Taking place here from this Monday, October 15th to next Friday, October 19th the conference staged at the Arusha International Conference Centre, is being organized by the United Nations World Travel Organization (WTO) in collaboration with the Ministry of Natural Resources and Tourism.
Though few people remember, the 2012 Pan-African Conference on Sustainable Tourism Management in National Parks actually echoes the 1961 Pan-African symposium on the Conservation of Nature and Natural Resources in Modern African States. Everything about conservation in Tanzania was reportedly conceived during the Pan-African symposium on the Conservation of Nature and Natural Resources in Modern African States which took place here 51 years ago.

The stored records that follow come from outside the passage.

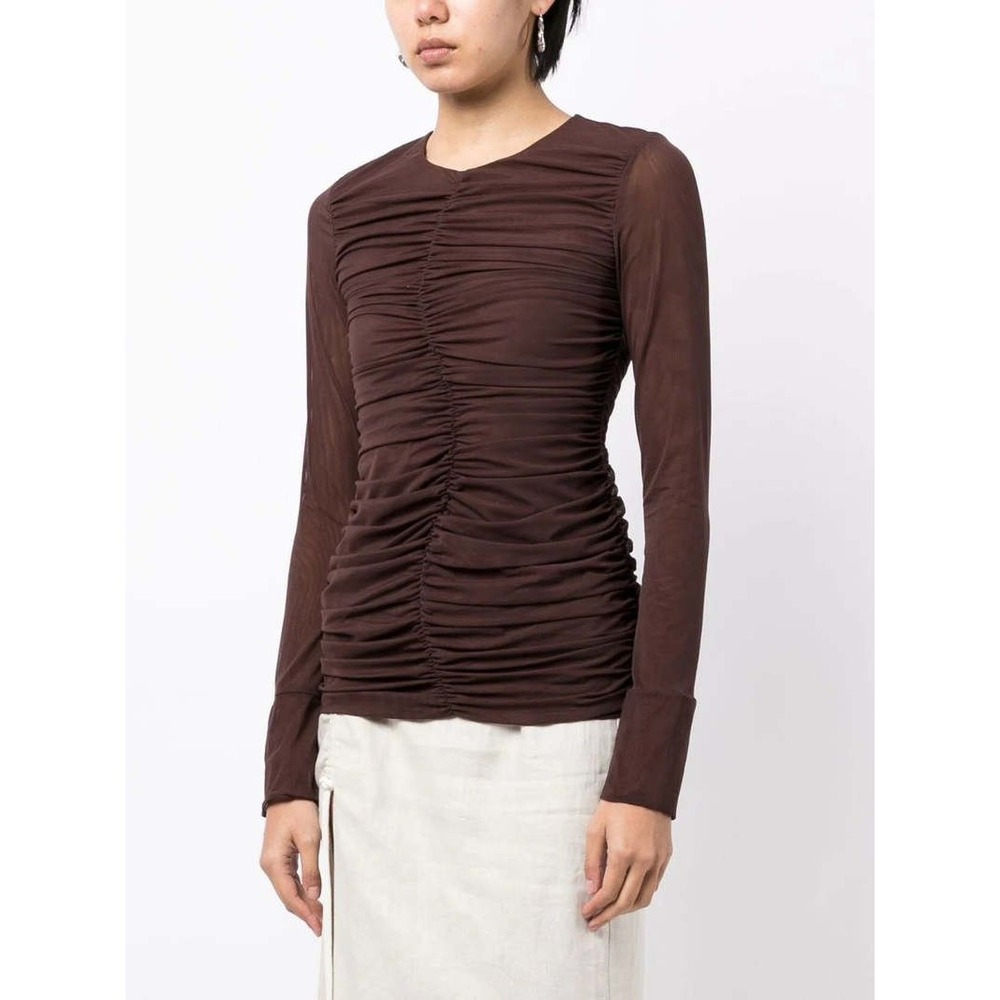 SIR Jacques Mesh Gathered Top Womens XL Brown Ruched Long Sleeve Stretch Sheer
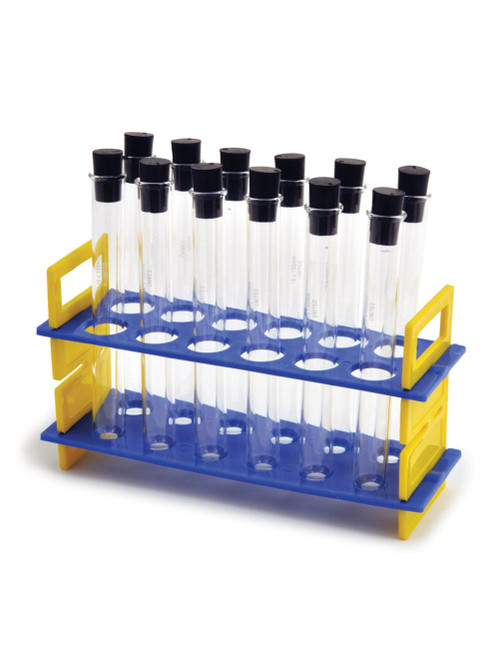 United Scientific® Test Tube Rack w/ 24 mL Glass Tubes & Rubber Stoppers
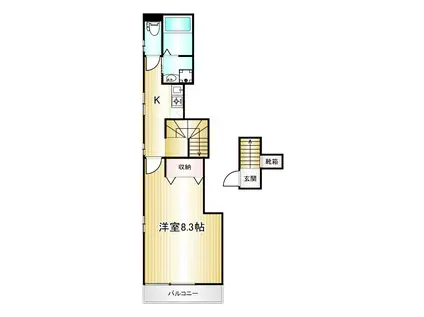 トロワスール久我山(1K/3階)の間取り写真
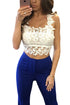 Sexy White Lacy Trimmed Crop Top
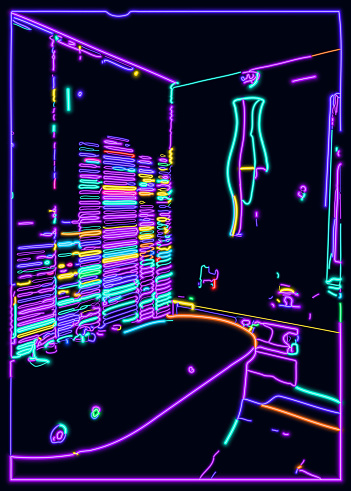 Vector LED light colors psychedelic neon effect cyber style city night bathroom scene background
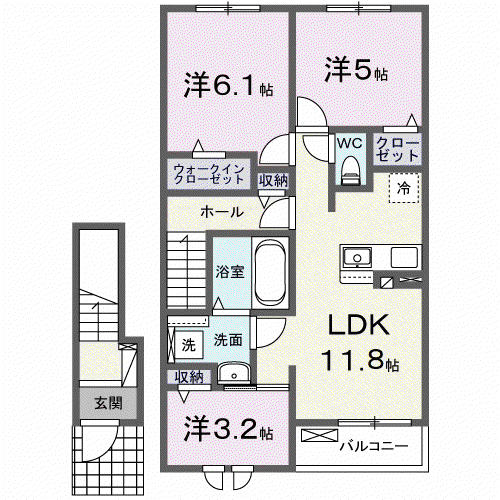 サンリットシャイニング(3LDK/2階)の間取り写真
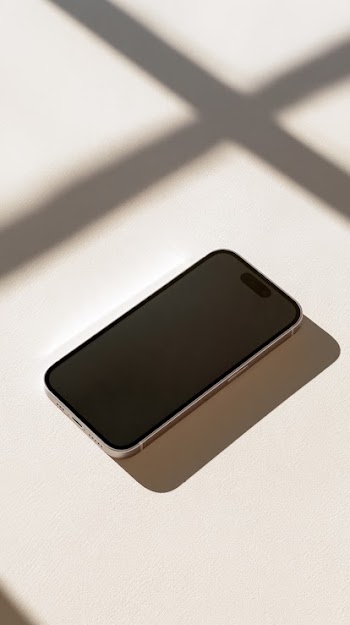 Minimalist Flat Lay of Modern iPhone 15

The meeting, was held in September 1961 at Arusha, in the then Tanganyika attracting nearly 140 participants from 21 African and 6 non-African countries, plus 5 international organizations. The then Prime Minister of Tanganyika Mwalimu Julius Nyerere and the Minister for Legal Affairs Abdallah Fundikira were in attendance.

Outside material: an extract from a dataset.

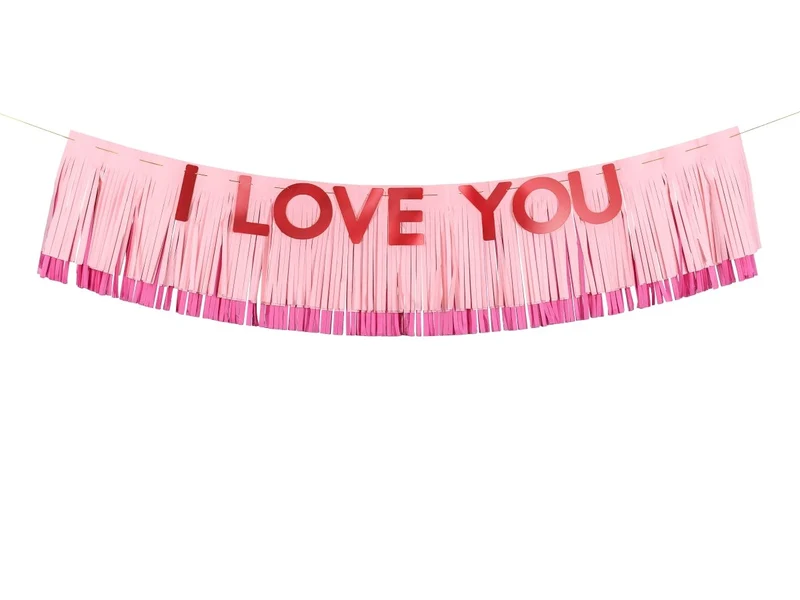 Rood Roze Banner I Love You 1,5m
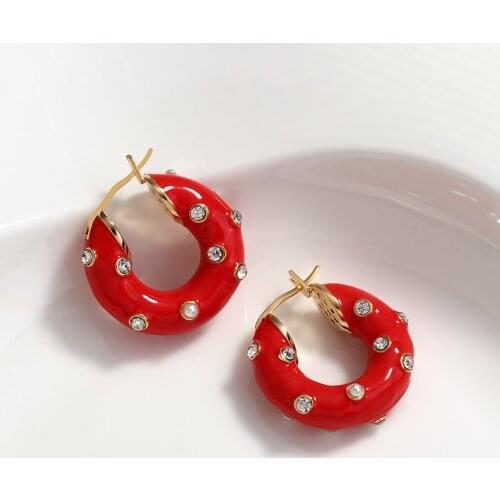 AENSOA 2021 Enamel Alloy U type Rhinestone Hoop Earrings For Women Girls Korean Fashion Geometric Earring Wedding Jewelry Gifts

Coincidentally, the first Pan- African conference is taking place within the week that Tanzania (formerly known as Tanganyika) observes the 13th anniversary of Mwalimu Nyerere’s death. Anyway, it was from the 1961 congress that the Arusha Manifesto was hatched and the document expresses in clear terms the intention of the host Government of Tanganyika toward the conservation and development of its wildlife and natural resources on behalf of the country itself and entire global community.
In his quest for the country’s independence Nyerere used to encourage local people in the then Tanganyika to support the course by saying, “Freedom will follow us the way the birds follow the rhinos to nestle on their backs!” Mwalimu repeated the words during the meeting which was held here using the just established, Arusha National Park as prime example. This is because in those days there were so many rhinos in the park and people used to see hundreds of them daily.
Of late, however the rhino species have totally been annihilated from Arusha National Park with the last one said to have been killed 27 years ago. It was during the same ‘Arusha Manifest’ meeting the then Governor of Tanganyika Sir Richard Turnbull, had pointed out that conservation can only be successful if local people were directly involved. “We have worked hard to achieve community participation but it is still not enough, if we had managed that by at least 90 per cent many of the disappeared wildlife and vegetation species would have been saved,” said Mr Felician Njau one of the conservators at Arusha National Park recently.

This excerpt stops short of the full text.